Résumé :
Ann Pope, ancienne directrice principale de l'Autorité britannique de la concurrence et des marchés, a déposé un recours collectif auprès du Tribunal d'appel de la concurrence du Royaume-Uni, exigeant 2,7 milliards de dollars d'indemnisation d'Apple pour la politique de « transparence du suivi des applications » (ATT). Le procès estime que bien qu'Apple ait lancé cette fonctionnalité de confidentialité au nom de la protection des utilisateurs, elle a en réalité alourdi le fardeau des développeurs d'applications tiers et a donné à Apple lui-même un avantage concurrentiel.

Le Tribunal d'appel de la concurrence du Royaume-Uni enquête actuellement sur une autre affaire de 4,1 milliards de dollars impliquant Apple et les services iCloud. Ce procès ATT a également été soumis à ce tribunal.

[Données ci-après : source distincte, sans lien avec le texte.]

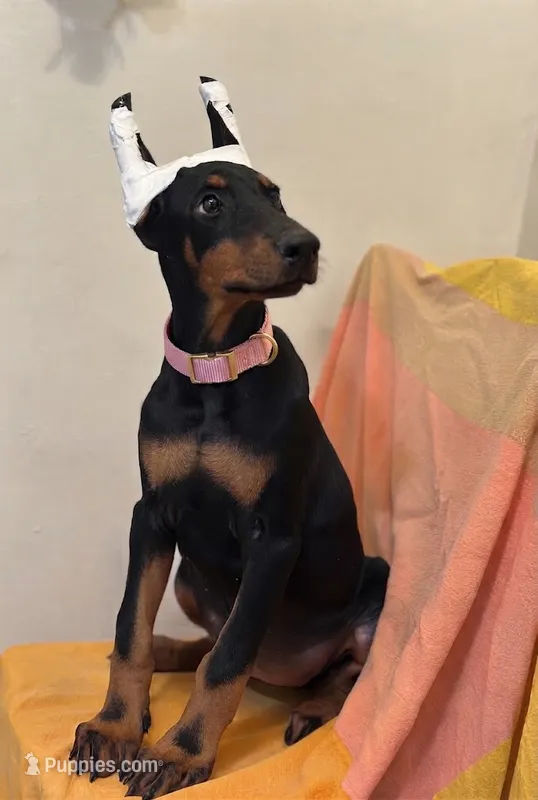 Black/Rust Girl  – Doberman Pinscher puppy for sale in New York, NY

Fonctionnalité ATT lancée en 2021. Lorsqu'un utilisateur ouvre pour la première fois une application prenant en charge les fonctionnalités pertinentes, une invite apparaîtra lui demandant s'il doit autoriser l'application à suivre ses activités et à utiliser les données associées à des fins publicitaires. Si l'utilisateur refuse, le développeur ne pourra pas effectuer le suivi publicitaire correspondant sur la base de ces données.
Cette règle a un impact évident sur les développeurs d'applications qui dépendent des revenus publicitaires. Au cours des six premiers mois suivant le lancement d’ATT, plusieurs sociétés de médias sociaux ont signalé une perte de revenus combinée de près de 10 milliards de dollars.
Pope estime qu'Apple exige que les développeurs tiers affichent les invites d'autorisation ATT aux utilisateurs, mais ne fait pas de même pour ses propres applications, créant ainsi un environnement concurrentiel déloyal. Elle a déclaré que la protection de la vie privée est importante pour les consommateurs, mais que les règles pertinentes doivent être appliquées équitablement et garantir que les entreprises de différentes tailles peuvent fonctionner sur un pied d'égalité. Elle a également souligné que les plateformes numériques ne peuvent pas utiliser la confidentialité comme prétexte pour adopter deux ensembles de règles différents, pour elles-mêmes et pour les développeurs d’applications.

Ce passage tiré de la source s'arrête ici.